Heck, you can create a 2K 444 10-bit file from a 2K 420 8-bit file. What I'm saying is that, for the most part, the 4K converted file won't have the same color values as it would if you had exactly the same device that captured a 2K 444 10-bit file. No more than you could get the same colors out of an 8-bit JPG file as there are in a 12+ bit RAW file. Will it be aesthetically acceptable? Probably. But not exact.

Hey, I admit that for many purposes, you could call this "picking fly manure out of the pepper... pretty soon you end up with all fly manure and no pepper." But the point is still valid. Once color errors are baked in, they can't be corrected. Detail may be enhanced, but correct color can't. It is a fundamental concept in information theory.
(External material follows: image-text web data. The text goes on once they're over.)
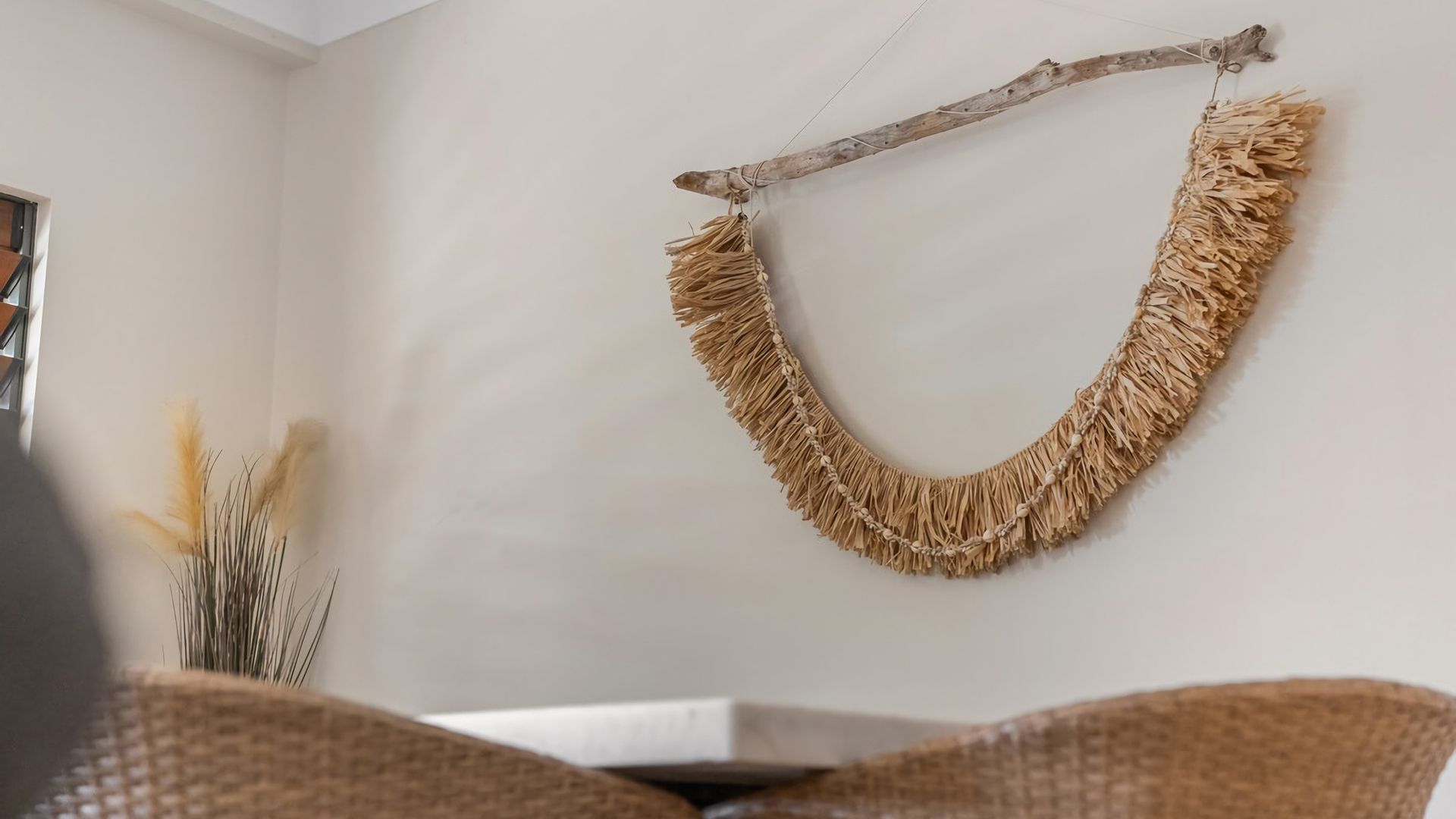 A room with a woven wall hanging, a wicker chair, and a vase with dried plants.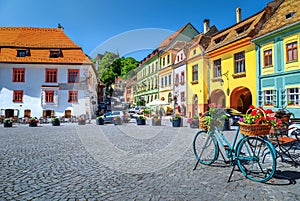 Famous medieval street cafe bar,Sighisoara,Transylvania,Romania,Europe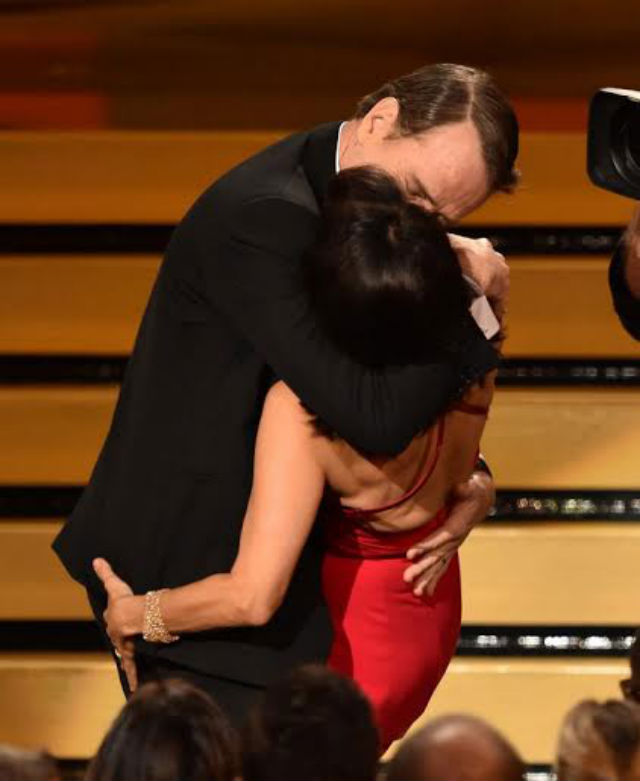 A BIG KISS. Actor Bryan Cranston gives 'Veep' actress Julia Louis-Dreyfus a kiss during the 2014 Emmys. Photo by Kevin Winter/Getty Images/AFP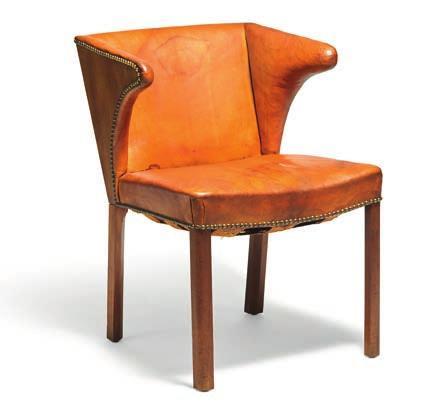 1093 FRITS HENNINGSEN b. 1889, d. 1965 Armchair with mahogany frame. Seat, back and armrests upholstered with patinated cognac colored leather, fitted with brass nails. Designed 1933.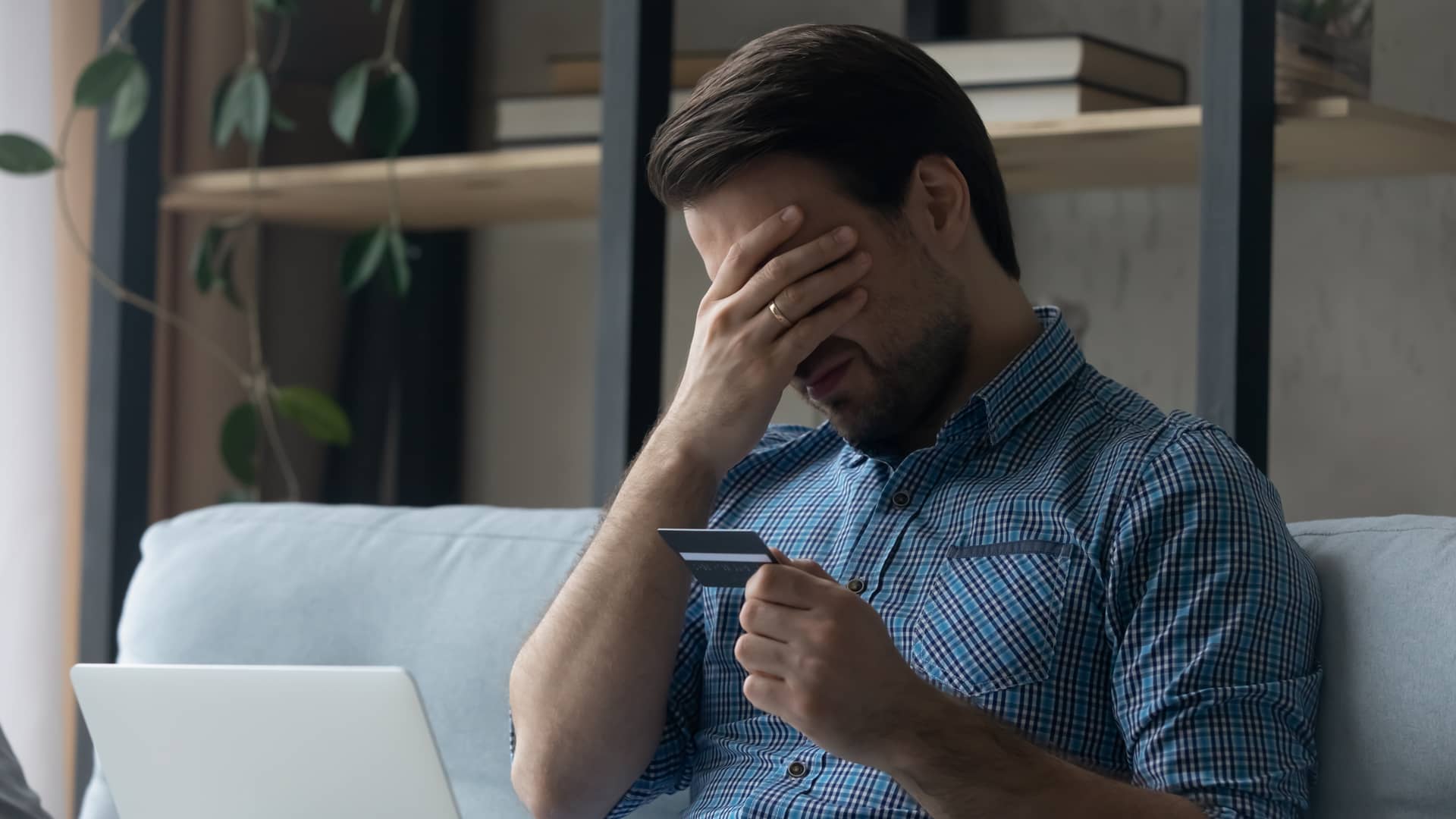 Un chico muy triste con su tarjeta de crédito porque no tiene un seguro de vida para protegerla Un chico muy triste con su tarjeta de crédito porque no tiene un seguro de vida para protegerla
I guess I'm saying I understand where @Ze_Cahue is coming from. Technically, the 4K 420 8-bit transformation can be done and it will probably be pretty close to as good as 2K 444 10-bit converted directly from the sensor. And ~80% close is probably "good enough". However, I feel sorry for the colorist who has to match and then grade multiple clips from different sources done that way. Then again, that would be infinitely better than trying to match/grade multiple 420 8-bit sources... :-)

@GlueFactoryBJJ the 4k 8-bit pixel would act only like a host for the 2k 10-bit pixel. We are talking digital here, it can be a simple "copy and past". All the info could be restored.

One 10-bit pixel = 1024

One 8-bit pixel = 256

If we get four 8-bit pixels, each one can host 1/4 of the original data.

So, the first 8-bit pixel would get the values between 0 and 255, the second get 256 to 512, the third gets 513 to 768, and the fourth get 769 to 1024. We retrieve equally all the 10-bit data just by reversing the process.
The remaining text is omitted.